=== ACTION ITEM ===
Without changing a word, return the listing below, minus its images.

=== RECORDED DATA ===
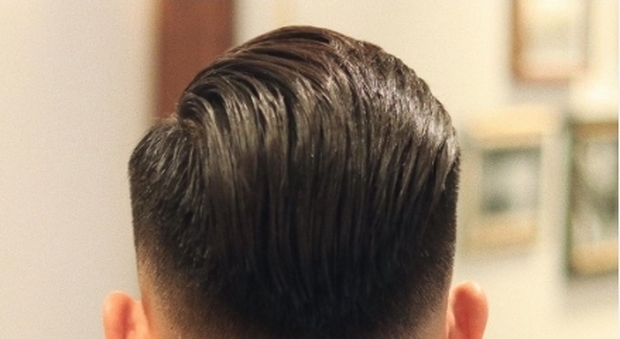 Giovani, la moda del barbiere: ogni mese il taglio va ritoccato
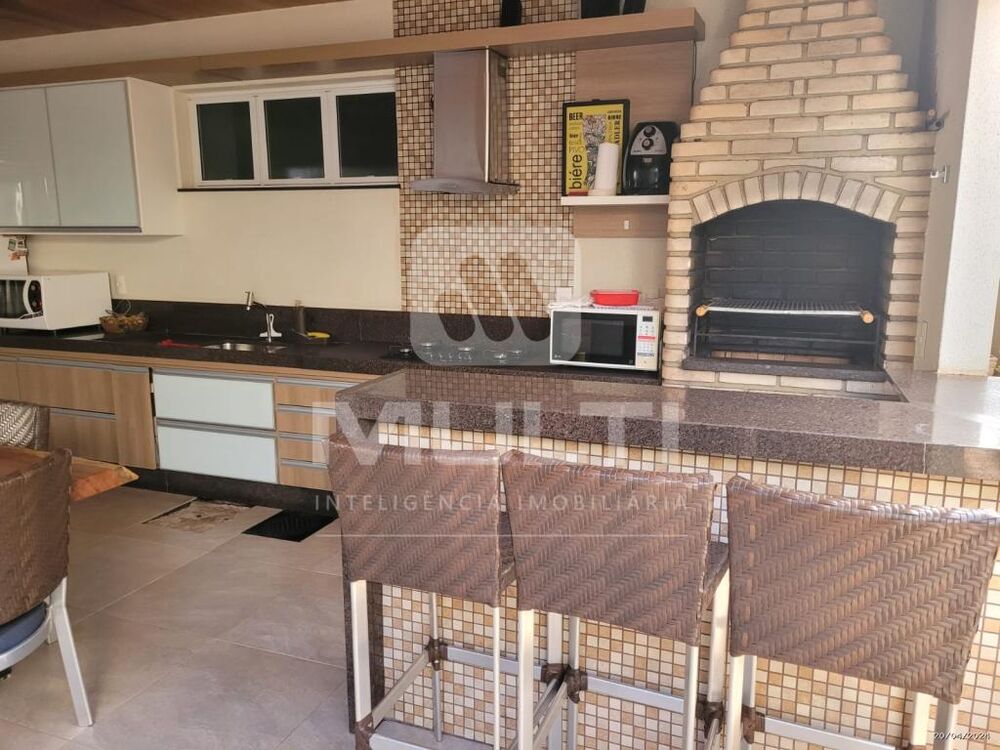 Casa, 4 quartos, 235 m² - Foto 5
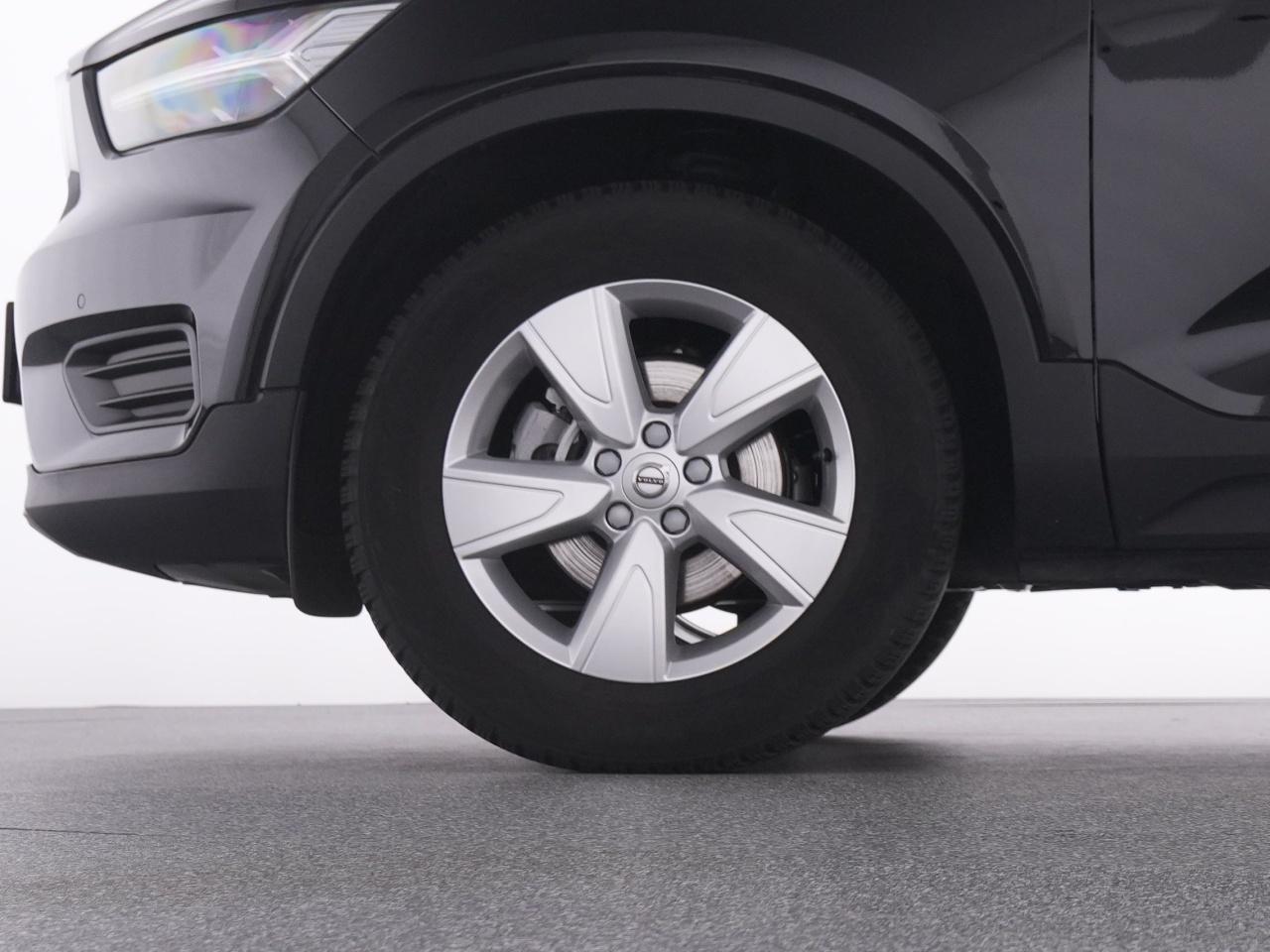Volvo  XC 40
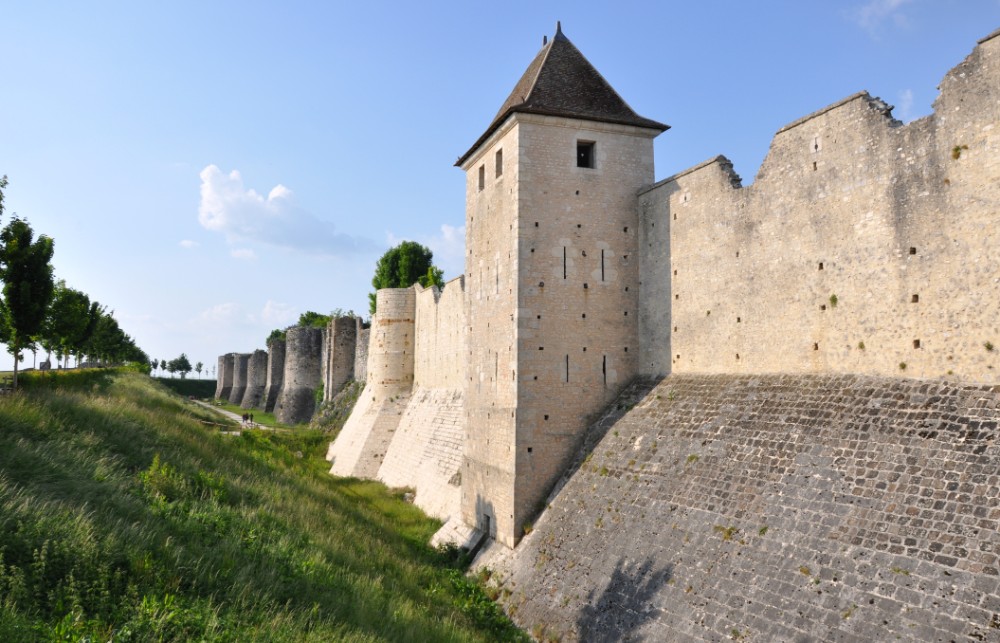 visiter provins en une journée - muraille de Provins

=== SOLUTION TO THE PROBLEM ===
 Giovani, la moda del barbiere: ogni mese il taglio va ritoccato
 Casa, 4 quartos, 235 m² - Foto 5
Volvo  XC 40
 visiter provins en une journée - muraille de Provins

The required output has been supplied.